Tens of thousands of students at more than 30 universities and colleges in Beijing boycotted classes Monday to press demands for democratic reforms, student leaders said.

"All 21 universities in our coordinating committee were joined by more than 10 other schools," said a student leader at Beijing University.A rally of more than 4,000 students at the university stadium broke up in chaos after some activists accused a fellow organizer of being an infiltrator working for the authorities.

Residents of two provincial capitals - Xian and Changsha - said tension was running high there after rioting over the weekend linked to the death of former communist party leader Hu Yaobang.

Teachers in Changsha in Hunan Province quoted students as saying 300 to 400 people had been arrested and that rioting continued for a second day Sunday. Only a few students were involved.

A Changsha official said only 20 to 30 people had been arrested.

In the central city, Xian, foreign students said the authorities had stopped them leaving their campuses after rioting Saturday in which 130 policemen were injured, according to official accounts.

Residents spoke of unconfirmed reports that one policeman had died. A city spokeswoman said she did not know about it.

Hu's death of a heart attack April 15 ignited campus unrest and student rallies for reforms grew into the biggest demonstrations seen in the capital since 1976.

Around 100,000 people took part early on Saturday shortly before Hu's funeral, attended by China's top leaders.

Student leaders in Beijing said they were preparing leaflets to explain their cause to outsiders.

A poster at a university urged a letter campaign to friends and relatives throughout China to spread the news about the students' demands and protests.

"Striking is our final resort. We must strike with our whole heart.

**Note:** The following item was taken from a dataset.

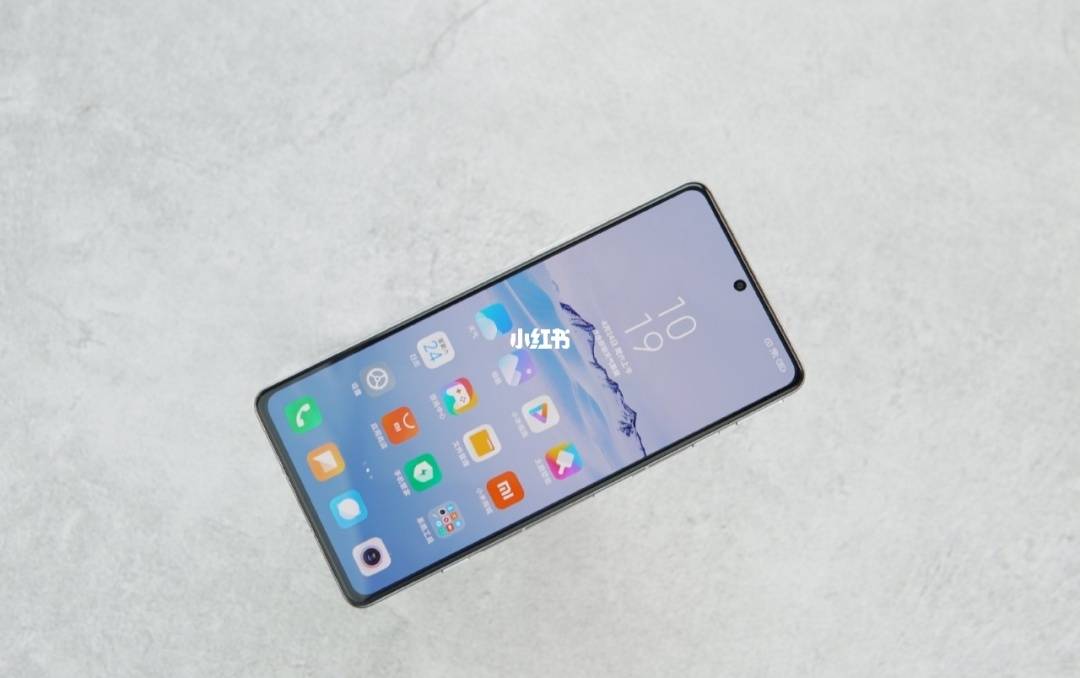 12G＋526G旗舰跌至2199，67W＋5065毫安，大电池真香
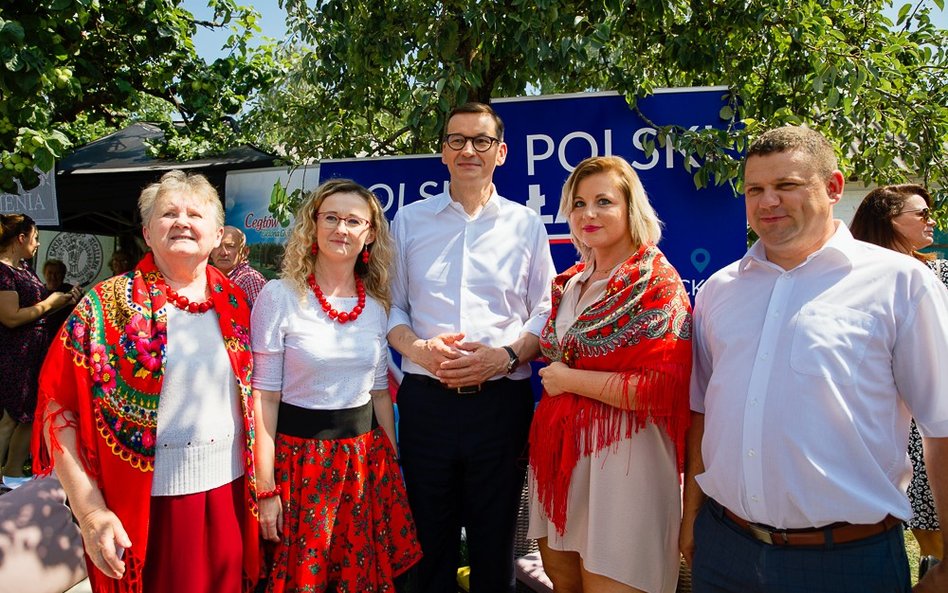 Gospodynie i strażacy będą odpłatnie namawiać do szczepień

If we don't get freedom and democracy we won't stop the strike," proclaimed a poster at People's University.

Campus leaders planned to strike indefinitely.

Foreign teachers contacted at universities in other major cities said students were attending classes.

China's official media responded Monday to the student protests and rioting by promising more democracy but only at a pace dictated by the Communist Party.

The party newspaper People's Daily warned that "chaos under heaven" would be disastrous for China's modernization.

"How slowly is slowly?" asked a student leader. "We have to make sure slowly doesn't mean it doesn't come."